I'd like is to get 50/50 Delivery and UberX/POOL requests.


----------



## nighthawk398 (Jul 21, 2015)

Your crazy if you do pool


----------



## Driv0rX (May 27, 2017)

You CAn NOT opt out of it and your dont even see if ping is pool or uberX until you accept.

I kind of like pool in Los Angeles, i make decent money on pool $10+ if i get 3+ pax and driving them across town.

On other hand i get many UberX calls with minimal distance that are $3.60 but it still time consuming to complete ~10 minutes.


----------



## john1975 (Jul 29, 2016)

Driv0rX said:


> I have signed up to deliver however i am not getting any pings only UberX and POOL never delivery.
> 
> Contacted Uber and they made 3 additional car profiles for me
> 
> ...


Why would you want to do eats? I'd figure la is busy with pax requests. Eats is less money and more of a headache. Why anyone does it is beyond me.


----------



## geauxfish (Jun 10, 2016)

john1975 said:


> Why would you want to do eats? I'd figure la is busy with pax requests. Eats is less money and more of a headache. Why anyone does it is beyond me.


He also "kinda likes doing poo and makes decent money". This really makes me question his mental state.


----------



## Driv0rX (May 27, 2017)

john1975 said:


> Why would you want to do eats? I'd figure la is busy with pax requests. Eats is less money and more of a headache. Why anyone does it is beyond me.


Three reasons
1st. sometimes after 8 hours for driving people or getting pissed off by one of the pax i "cannot stand people anymore" and don't want them in my car, but i still want to make money so delivery is what i do.
2nd. on Friday and Saturday night afternoon you might get a lot of crazy drunk people so delivery might be an option.
3. When dropped off pax in the ghetto area i either go offline or do delivery mode before i exit the bad area for obvious reasons.

Delivery makes me on average $5+ bucks on 15 minutes (and chance to get a tips better than on UberX) its good thing considering this week i making ~$10 hour on driving people slowly in traffic, its the surge that makes difference and when traffic is gone at night.



geauxfish said:


> He also "kinda likes doing *poo *and makes decent money". This really makes me question his mental state.

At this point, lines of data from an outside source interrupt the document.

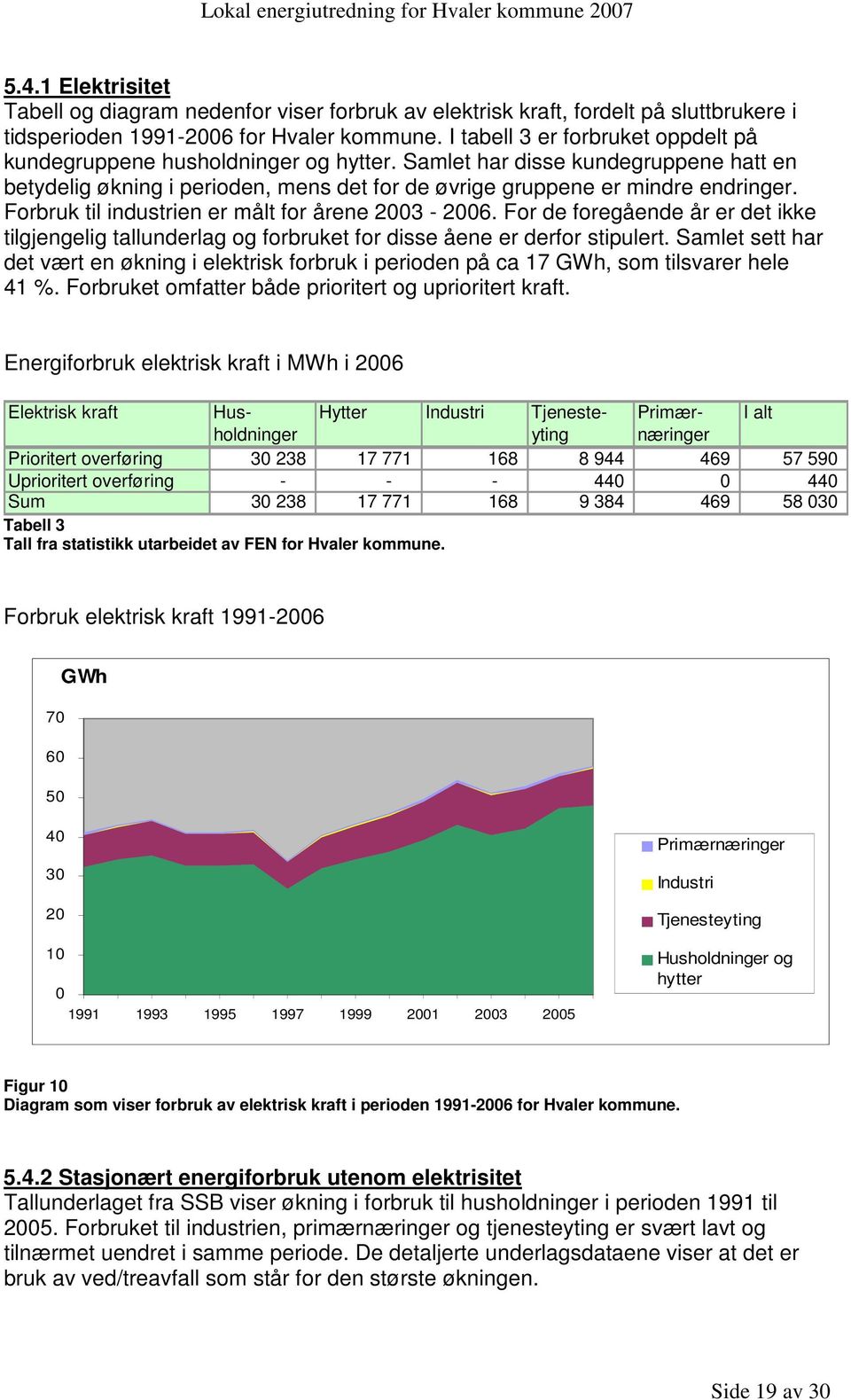 Forbruk til industrien er målt for årene 2003-2006. For de foregående år er det ikke tilgjengelig tallunderlag og forbruket for disse åene er derfor stipulert.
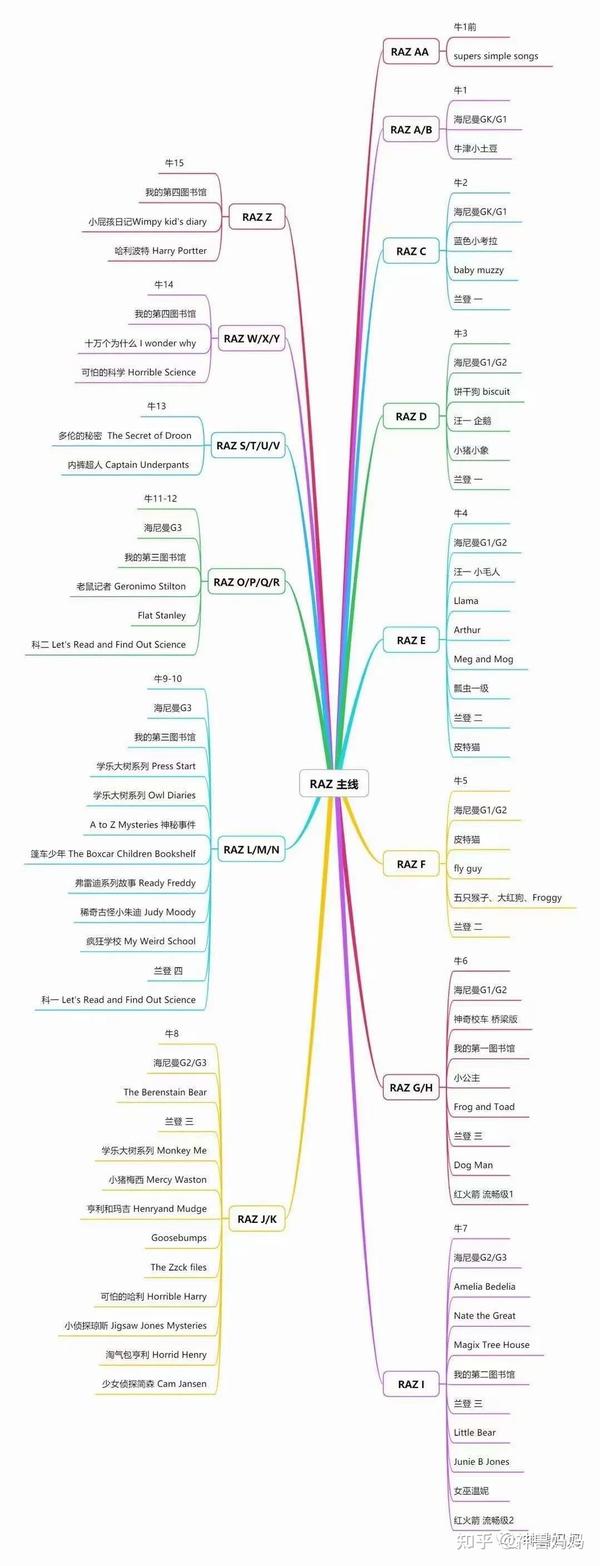 英语原版分级阅读从启蒙到中高章 - 知乎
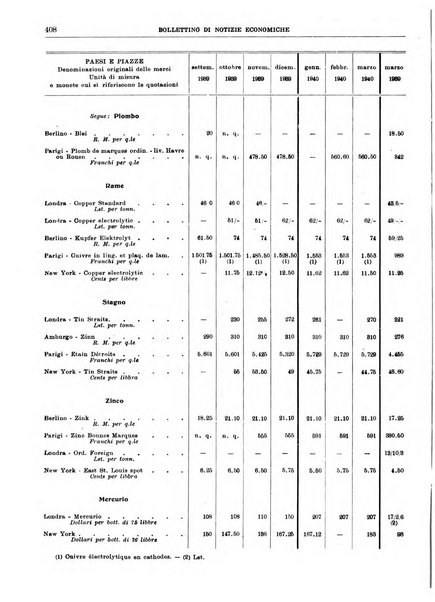 Bollettino di notizie economiche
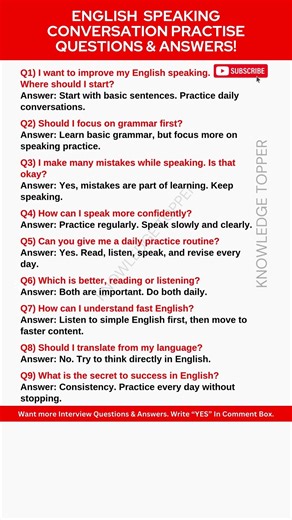 English Conversation Practise | English Speaking Practise | English Speaking Course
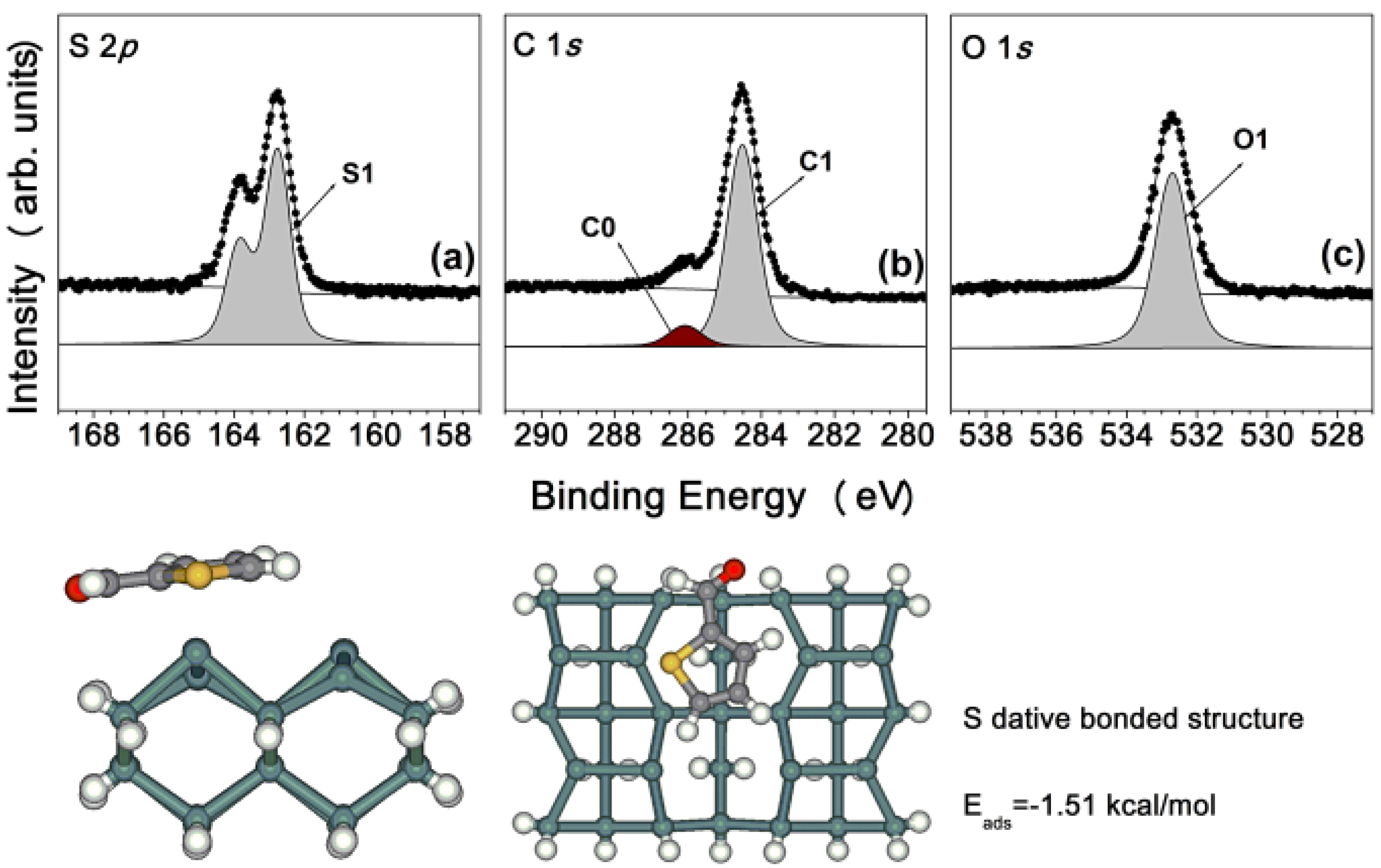 Molecules 18 10301 g003 550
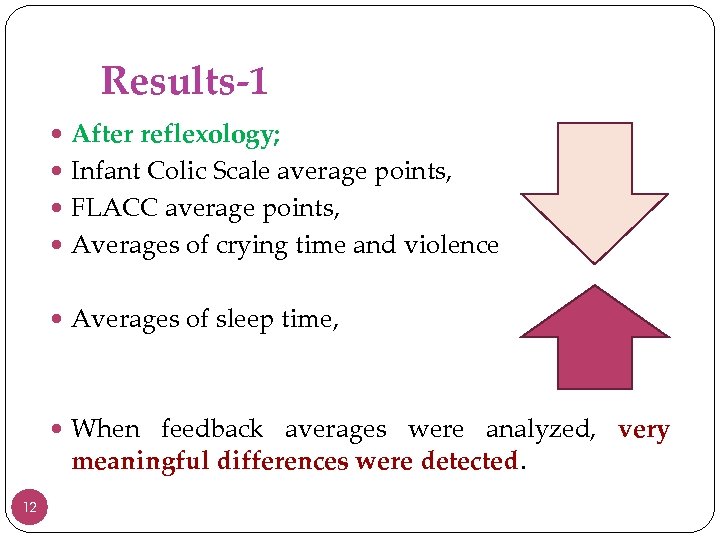 Results-1 After reflexology; Infant Colic Scale average points, FLACC average points, Averages of crying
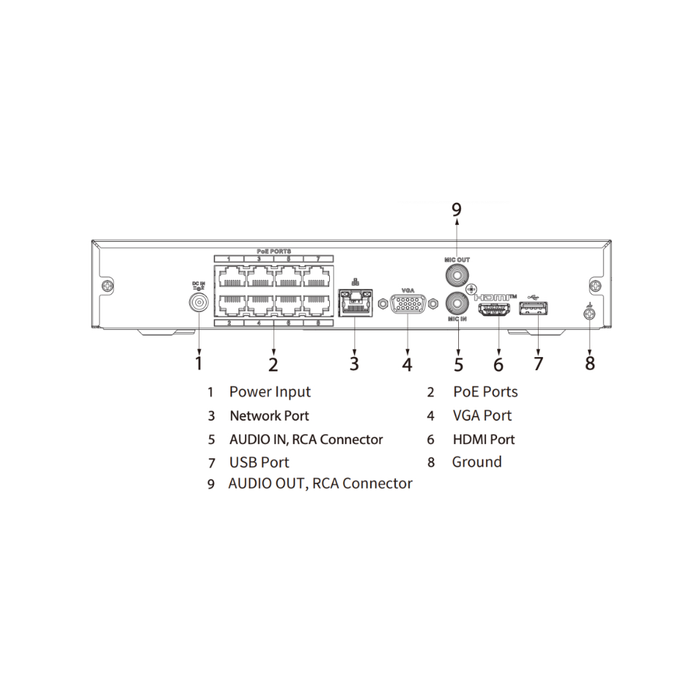 NVR 8ch 144Mbps H265 4K HDMI 8PoE 1HDD
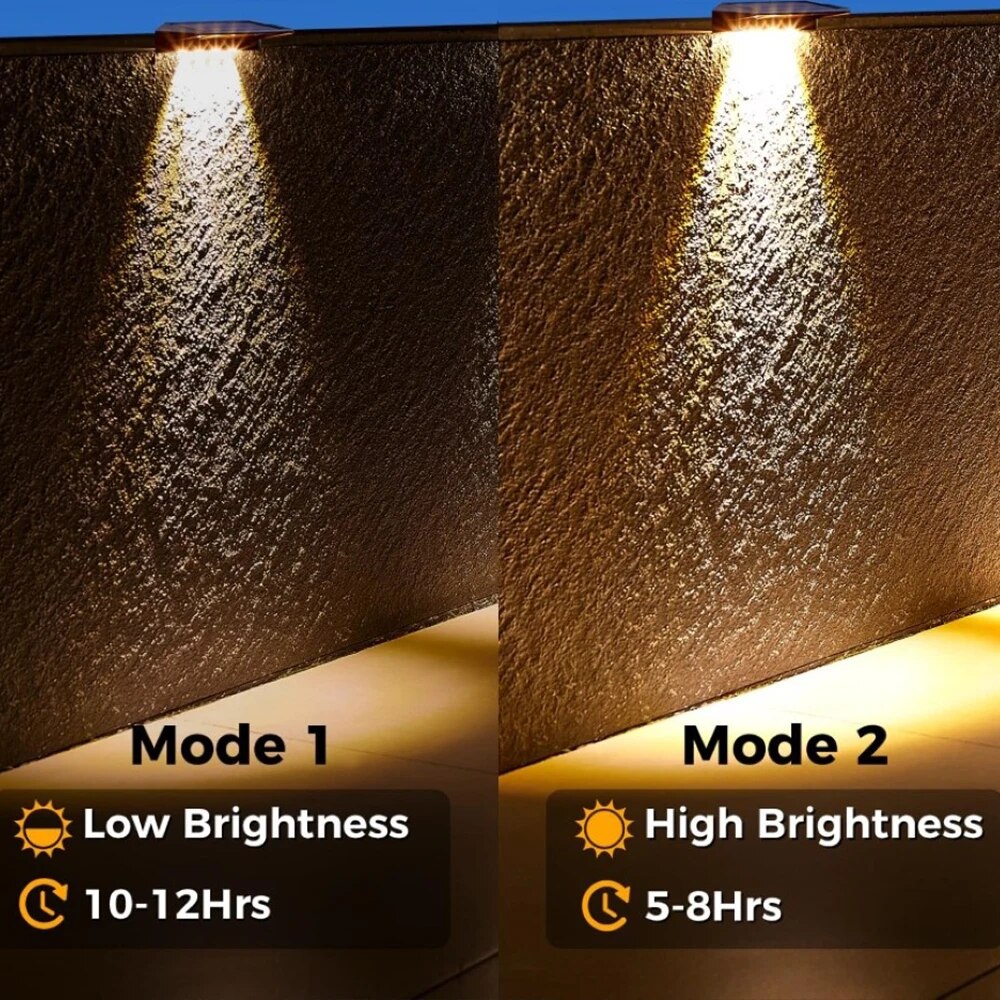 2 paket güneş enerjili duvar ı - Outdoor Lighting Zigbee incelemesi ve fiyatı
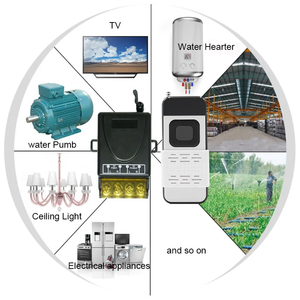 433 Mhz điều khiển từ xa chuyển đổi DC 12V 24V 30A công suất cao điều khiển từ xa Relay 1000 mét <span class=keywords><strong>RF</strong></span> điều khiển từ xa - Product Image 5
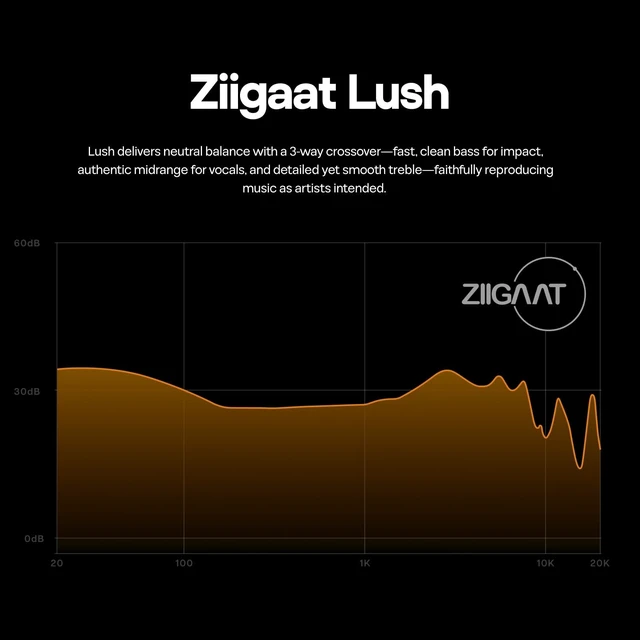 Alt view image 4 of 5 - Linsoul ZiiGaat Lush in Ear Monitor, 1DD+4BA Hybrid Earphone IEM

Lol you quoted with type it said "Pool"

P.S. My mistake POOL actually shows on pings.


----------



## geauxfish (Jun 10, 2016)

Driv0rX said:


> Three reasons
> 1st. sometimes after 8 hours for driving people or getting pissed off by one of the pax i "cannot stand people anymore" and don't want them in my car, but i still want to make money so delivery is what i do.
> 2nd. on Friday and Saturday night afternoon you might get a lot of crazy drunk people so delivery might be an option.
> 3. When dropped off pax in the ghetto area i either go offline or do delivery mode before i exit the bad area for obvious reasons.
> ...


No I'm pretty sure it's POO


----------



## Whiteorchids (Oct 7, 2015)

Driv0rX said:


> I have signed up to deliver however i am not getting any pings only UberX and POOL never delivery.
> 
> Contacted Uber and they made 3 additional car profiles for me
> 
> ...


Wouldn't your uber X be the same profile as just car


----------